2014-07-31 16:46:13

by Frederic Weisbecker

[permalink] [raw]
Subject: [PATCH 0/2] nohz: Avoid double clock write

Hi Thomas,

The tick reschedules itself unconditionally. That's what we want as long
as the CPU is in periodic mode. It's not that relevant when the CPU
is in dynticks mode though as the clock write is likely to be overwritten
by the nohz code on irq exit.

In low-res mode, that even result in unexpected periodic behaviour when
no timer is scheduled in the future.

So here is a set that proposes the removal of these double writes.

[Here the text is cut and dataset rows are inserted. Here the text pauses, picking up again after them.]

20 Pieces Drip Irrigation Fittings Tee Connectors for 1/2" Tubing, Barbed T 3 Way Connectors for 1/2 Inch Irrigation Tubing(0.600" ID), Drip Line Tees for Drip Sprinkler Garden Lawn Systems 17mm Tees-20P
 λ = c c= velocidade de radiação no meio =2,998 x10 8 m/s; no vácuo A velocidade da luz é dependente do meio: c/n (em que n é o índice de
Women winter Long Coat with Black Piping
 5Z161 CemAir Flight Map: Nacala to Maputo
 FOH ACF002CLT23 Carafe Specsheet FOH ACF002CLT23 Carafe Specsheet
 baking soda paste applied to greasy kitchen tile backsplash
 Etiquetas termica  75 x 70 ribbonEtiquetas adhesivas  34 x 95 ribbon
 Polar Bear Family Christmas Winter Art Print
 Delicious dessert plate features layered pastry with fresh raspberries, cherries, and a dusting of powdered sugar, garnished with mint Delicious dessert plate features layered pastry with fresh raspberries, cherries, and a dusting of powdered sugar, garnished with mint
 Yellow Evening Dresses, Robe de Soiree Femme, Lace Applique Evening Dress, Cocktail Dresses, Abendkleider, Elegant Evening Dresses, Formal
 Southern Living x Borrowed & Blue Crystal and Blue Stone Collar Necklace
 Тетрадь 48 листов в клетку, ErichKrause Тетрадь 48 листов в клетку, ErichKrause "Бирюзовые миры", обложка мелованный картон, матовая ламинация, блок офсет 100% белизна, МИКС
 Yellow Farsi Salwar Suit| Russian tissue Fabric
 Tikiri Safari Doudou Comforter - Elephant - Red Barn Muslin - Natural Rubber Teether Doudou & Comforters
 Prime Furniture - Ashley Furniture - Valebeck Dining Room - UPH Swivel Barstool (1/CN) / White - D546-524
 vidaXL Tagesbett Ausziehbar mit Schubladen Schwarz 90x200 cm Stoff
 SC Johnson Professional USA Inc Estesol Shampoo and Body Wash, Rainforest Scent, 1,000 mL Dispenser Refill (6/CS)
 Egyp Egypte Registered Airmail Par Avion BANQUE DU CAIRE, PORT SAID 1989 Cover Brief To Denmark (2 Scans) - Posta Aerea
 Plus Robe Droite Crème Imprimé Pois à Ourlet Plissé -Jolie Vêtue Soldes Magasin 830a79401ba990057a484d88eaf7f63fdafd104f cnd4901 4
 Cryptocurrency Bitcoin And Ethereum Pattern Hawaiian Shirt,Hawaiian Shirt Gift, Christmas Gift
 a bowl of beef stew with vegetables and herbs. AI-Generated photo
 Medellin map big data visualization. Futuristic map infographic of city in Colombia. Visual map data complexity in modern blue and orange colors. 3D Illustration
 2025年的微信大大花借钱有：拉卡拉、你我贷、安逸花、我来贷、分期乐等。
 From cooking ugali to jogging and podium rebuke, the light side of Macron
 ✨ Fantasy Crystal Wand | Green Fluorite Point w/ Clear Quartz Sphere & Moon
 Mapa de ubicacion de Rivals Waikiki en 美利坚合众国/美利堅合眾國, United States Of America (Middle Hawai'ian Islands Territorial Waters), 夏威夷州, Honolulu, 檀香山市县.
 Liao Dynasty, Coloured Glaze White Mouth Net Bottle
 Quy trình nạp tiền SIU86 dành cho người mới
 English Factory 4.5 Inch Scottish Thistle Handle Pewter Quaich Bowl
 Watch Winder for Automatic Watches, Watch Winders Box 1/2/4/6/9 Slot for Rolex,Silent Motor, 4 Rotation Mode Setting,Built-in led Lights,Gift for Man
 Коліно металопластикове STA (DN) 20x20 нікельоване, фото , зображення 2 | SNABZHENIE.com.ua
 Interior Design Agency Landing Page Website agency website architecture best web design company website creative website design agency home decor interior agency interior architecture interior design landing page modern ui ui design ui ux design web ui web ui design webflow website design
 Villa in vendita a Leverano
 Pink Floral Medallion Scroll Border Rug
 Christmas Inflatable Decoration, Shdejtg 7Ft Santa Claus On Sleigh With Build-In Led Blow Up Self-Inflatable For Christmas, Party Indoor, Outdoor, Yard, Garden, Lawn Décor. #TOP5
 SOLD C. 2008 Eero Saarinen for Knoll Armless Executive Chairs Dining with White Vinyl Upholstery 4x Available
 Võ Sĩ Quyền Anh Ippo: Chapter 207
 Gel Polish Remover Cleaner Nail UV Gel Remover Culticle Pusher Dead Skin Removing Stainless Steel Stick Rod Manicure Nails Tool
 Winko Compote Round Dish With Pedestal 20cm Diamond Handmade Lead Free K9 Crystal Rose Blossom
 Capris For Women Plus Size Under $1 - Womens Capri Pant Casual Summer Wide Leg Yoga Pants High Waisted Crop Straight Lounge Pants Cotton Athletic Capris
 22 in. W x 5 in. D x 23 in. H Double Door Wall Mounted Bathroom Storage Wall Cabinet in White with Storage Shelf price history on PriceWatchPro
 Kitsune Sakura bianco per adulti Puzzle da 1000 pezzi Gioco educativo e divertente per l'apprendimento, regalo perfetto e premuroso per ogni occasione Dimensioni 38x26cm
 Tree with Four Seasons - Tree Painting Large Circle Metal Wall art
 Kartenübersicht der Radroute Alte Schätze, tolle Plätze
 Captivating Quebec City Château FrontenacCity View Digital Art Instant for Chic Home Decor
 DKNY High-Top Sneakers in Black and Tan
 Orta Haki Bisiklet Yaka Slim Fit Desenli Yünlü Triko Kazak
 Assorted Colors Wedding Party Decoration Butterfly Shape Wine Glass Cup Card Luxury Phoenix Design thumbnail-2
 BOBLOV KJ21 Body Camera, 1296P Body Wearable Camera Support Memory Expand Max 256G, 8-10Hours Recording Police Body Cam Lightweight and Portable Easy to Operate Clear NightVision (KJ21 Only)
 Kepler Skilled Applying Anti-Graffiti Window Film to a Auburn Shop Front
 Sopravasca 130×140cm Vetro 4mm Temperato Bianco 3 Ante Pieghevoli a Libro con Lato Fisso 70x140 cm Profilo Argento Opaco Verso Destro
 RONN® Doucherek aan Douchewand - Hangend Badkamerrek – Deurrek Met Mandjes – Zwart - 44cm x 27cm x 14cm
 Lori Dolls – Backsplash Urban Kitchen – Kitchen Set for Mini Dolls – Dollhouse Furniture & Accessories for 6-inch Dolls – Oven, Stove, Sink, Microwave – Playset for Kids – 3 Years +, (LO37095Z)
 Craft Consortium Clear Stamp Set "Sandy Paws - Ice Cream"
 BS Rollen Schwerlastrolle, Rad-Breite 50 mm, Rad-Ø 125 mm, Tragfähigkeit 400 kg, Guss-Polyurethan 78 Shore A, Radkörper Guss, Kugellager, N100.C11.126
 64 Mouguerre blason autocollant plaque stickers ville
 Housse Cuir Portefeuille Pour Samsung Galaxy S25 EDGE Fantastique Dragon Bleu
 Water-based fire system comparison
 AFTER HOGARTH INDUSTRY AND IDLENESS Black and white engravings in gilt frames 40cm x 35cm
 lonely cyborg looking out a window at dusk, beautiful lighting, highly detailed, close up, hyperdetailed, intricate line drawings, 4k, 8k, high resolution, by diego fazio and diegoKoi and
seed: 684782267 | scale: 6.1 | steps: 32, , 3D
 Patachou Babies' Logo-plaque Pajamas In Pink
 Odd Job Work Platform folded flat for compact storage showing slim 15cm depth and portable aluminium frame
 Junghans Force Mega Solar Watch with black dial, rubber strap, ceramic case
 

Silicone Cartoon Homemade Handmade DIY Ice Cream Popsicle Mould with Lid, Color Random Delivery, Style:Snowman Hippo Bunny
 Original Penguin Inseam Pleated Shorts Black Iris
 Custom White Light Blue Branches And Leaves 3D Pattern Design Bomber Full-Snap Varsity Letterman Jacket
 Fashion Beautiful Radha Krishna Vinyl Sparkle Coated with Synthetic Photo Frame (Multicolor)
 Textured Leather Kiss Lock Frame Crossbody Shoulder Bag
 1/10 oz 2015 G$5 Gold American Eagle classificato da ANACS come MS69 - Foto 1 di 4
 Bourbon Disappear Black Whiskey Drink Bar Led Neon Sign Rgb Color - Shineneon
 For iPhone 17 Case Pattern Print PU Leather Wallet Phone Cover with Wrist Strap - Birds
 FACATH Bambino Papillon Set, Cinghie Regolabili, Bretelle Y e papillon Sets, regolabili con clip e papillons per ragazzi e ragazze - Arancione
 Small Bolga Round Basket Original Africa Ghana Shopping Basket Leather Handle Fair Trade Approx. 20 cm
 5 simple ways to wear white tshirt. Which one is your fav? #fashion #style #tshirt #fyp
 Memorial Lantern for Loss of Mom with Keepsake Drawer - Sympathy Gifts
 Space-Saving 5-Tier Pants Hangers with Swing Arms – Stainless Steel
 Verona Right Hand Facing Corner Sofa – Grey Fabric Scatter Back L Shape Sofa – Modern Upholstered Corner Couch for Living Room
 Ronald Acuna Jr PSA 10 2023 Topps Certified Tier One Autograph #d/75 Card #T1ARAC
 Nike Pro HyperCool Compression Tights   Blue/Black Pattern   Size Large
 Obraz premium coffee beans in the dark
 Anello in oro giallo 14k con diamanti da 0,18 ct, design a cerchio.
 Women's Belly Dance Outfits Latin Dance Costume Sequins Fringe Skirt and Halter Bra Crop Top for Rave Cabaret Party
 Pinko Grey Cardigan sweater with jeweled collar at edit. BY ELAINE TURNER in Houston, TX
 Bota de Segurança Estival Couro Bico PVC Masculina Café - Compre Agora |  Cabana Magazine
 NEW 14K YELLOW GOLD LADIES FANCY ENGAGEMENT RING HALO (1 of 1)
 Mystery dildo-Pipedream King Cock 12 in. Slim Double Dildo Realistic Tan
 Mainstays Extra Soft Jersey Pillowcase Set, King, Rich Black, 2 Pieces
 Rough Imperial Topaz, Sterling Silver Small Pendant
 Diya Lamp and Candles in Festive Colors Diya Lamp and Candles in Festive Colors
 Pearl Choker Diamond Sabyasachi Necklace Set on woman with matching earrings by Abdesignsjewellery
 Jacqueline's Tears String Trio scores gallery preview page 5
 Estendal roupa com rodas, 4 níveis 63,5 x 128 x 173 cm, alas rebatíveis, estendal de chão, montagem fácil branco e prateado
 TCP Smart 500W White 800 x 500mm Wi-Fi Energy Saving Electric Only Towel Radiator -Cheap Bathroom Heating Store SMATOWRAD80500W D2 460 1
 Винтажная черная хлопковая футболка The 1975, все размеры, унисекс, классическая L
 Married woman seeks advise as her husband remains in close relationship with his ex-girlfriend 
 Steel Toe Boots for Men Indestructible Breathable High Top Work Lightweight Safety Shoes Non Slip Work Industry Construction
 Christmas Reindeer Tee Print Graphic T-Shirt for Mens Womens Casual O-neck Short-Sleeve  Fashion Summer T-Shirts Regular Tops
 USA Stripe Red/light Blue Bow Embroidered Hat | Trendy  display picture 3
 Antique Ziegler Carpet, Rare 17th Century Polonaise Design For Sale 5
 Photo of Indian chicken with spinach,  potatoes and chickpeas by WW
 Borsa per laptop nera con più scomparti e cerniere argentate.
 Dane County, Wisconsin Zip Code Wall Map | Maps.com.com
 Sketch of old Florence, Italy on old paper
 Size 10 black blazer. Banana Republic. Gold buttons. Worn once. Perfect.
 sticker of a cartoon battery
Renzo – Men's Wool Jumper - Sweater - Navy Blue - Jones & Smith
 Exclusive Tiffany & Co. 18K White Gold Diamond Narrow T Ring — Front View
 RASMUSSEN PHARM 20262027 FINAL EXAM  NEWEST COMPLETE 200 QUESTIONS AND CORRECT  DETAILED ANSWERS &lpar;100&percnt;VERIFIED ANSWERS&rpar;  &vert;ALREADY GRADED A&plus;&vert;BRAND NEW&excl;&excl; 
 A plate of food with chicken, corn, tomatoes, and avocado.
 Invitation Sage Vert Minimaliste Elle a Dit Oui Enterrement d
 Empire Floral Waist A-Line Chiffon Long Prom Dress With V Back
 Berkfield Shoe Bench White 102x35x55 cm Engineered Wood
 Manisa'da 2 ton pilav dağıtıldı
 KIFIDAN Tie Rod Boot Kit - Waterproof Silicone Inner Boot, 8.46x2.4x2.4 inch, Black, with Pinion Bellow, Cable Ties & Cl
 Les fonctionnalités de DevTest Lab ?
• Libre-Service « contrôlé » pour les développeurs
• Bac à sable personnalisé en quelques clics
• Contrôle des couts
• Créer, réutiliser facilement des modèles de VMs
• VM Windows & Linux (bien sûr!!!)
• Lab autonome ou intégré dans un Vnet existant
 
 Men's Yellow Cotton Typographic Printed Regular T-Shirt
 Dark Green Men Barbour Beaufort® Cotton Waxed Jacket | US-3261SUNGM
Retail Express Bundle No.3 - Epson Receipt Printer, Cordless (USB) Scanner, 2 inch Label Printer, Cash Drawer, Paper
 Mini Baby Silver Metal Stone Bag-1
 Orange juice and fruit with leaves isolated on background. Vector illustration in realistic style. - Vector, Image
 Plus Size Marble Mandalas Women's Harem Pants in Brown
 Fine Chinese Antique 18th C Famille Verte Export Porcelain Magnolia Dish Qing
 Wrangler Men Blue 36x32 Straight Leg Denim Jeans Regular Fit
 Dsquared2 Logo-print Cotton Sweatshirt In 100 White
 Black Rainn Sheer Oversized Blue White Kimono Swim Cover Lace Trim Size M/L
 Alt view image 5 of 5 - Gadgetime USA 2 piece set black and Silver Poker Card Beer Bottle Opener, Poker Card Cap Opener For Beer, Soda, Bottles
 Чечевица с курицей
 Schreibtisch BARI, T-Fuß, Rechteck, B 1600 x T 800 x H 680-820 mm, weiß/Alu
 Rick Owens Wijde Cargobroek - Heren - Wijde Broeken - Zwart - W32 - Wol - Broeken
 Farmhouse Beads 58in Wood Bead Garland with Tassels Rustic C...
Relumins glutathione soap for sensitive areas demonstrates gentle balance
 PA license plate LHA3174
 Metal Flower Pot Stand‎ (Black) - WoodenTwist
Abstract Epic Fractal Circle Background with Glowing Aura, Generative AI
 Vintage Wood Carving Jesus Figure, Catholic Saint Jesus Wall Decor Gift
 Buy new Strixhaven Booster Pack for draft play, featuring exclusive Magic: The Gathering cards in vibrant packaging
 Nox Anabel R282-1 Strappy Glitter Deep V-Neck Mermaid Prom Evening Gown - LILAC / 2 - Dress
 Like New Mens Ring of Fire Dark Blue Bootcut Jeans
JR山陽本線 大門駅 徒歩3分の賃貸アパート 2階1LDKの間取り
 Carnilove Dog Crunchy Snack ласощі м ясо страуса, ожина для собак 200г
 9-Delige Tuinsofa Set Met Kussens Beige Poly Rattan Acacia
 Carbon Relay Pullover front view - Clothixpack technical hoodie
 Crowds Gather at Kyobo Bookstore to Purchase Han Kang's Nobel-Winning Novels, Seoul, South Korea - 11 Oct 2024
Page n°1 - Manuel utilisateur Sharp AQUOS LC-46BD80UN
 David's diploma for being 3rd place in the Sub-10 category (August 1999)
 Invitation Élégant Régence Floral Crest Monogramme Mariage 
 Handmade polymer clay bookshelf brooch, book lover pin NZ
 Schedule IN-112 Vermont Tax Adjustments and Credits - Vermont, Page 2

git://git.kernel.org/pub/scm/linux/kernel/git/frederic/linux-dynticks.git
origin/nohz/drop-double-write-v2

Thanks,
Frederic
---

Viresh Kumar (2):
nohz: Fix spurious periodic tick behaviour in low-res dynticks mode
nohz: Avoid tick's double reprogramming in highres mode


kernel/time/tick-sched.c | 8 ++++++++
1 file changed, 8 insertions(+)


2014-07-31 16:46:16

by Frederic Weisbecker

[permalink] [raw]
Subject: [PATCH 2/2] nohz: Avoid tick's double reprogramming in highres mode

From: Viresh Kumar <[email protected]>

In highres mode, the tick reschedules itself unconditionally to the
next jiffies.

However while this clock reprogramming is relevant when the tick is
in periodic mode, it's not that interesting when we run in dynticks mode
because irq exit is likely going to overwrite the next tick to some
randomly deferred future.

So lets just get rid of this tick self rescheduling in dynticks mode.
This way we can avoid some clockevents double write in favourable
scenarios like when we stop the tick completely in idle while no other
hrtimer is pending.

Suggested-by: Frederic Weisbecker <[email protected]>
Signed-off-by: Viresh Kumar <[email protected]>
Signed-off-by: Frederic Weisbecker <[email protected]>
---
kernel/time/tick-sched.c | 4 ++++
1 file changed, 4 insertions(+)

diff --git a/kernel/time/tick-sched.c b/kernel/time/tick-sched.c
index b07ba8e..a7098f7 100644
--- a/kernel/time/tick-sched.c
+++ b/kernel/time/tick-sched.c
@@ -1087,6 +1087,10 @@ static enum hrtimer_restart tick_sched_timer(struct hrtimer *timer)
if (regs)
tick_sched_handle(ts, regs);

+ /* Do not restart, when we are in idle or full dynticks mode */
+ if (unlikely(ts->tick_stopped))
+ return HRTIMER_NORESTART;
+
hrtimer_forward(timer, now, tick_period);

return HRTIMER_RESTART;
--
1.8.3.1

2014-07-31 16:46:36

by Frederic Weisbecker

[permalink] [raw]
Subject: [PATCH 1/2] nohz: Fix spurious periodic tick behaviour in low-res dynticks mode

From: Viresh Kumar <[email protected]>

When we reach the end of the tick handler, we unconditionally reschedule
the next tick to the next jiffy. Then on irq exit, the nohz code
overrides that setting if needed and defers the next tick as far away in
the future as possible.

Now in the best dynticks case, when we actually don't need any tick in
the future (ie: expires == KTIME_MAX), low-res and high-res behave
differently. What we want in this case is to cancel the next tick
programmed by the previous one. That's what we do in high-res mode. OTOH
we lack a low-res mode equivalent of hrtimer_cancel() so we simply don't
do anything in this case and the next tick remains scheduled to jiffies + 1.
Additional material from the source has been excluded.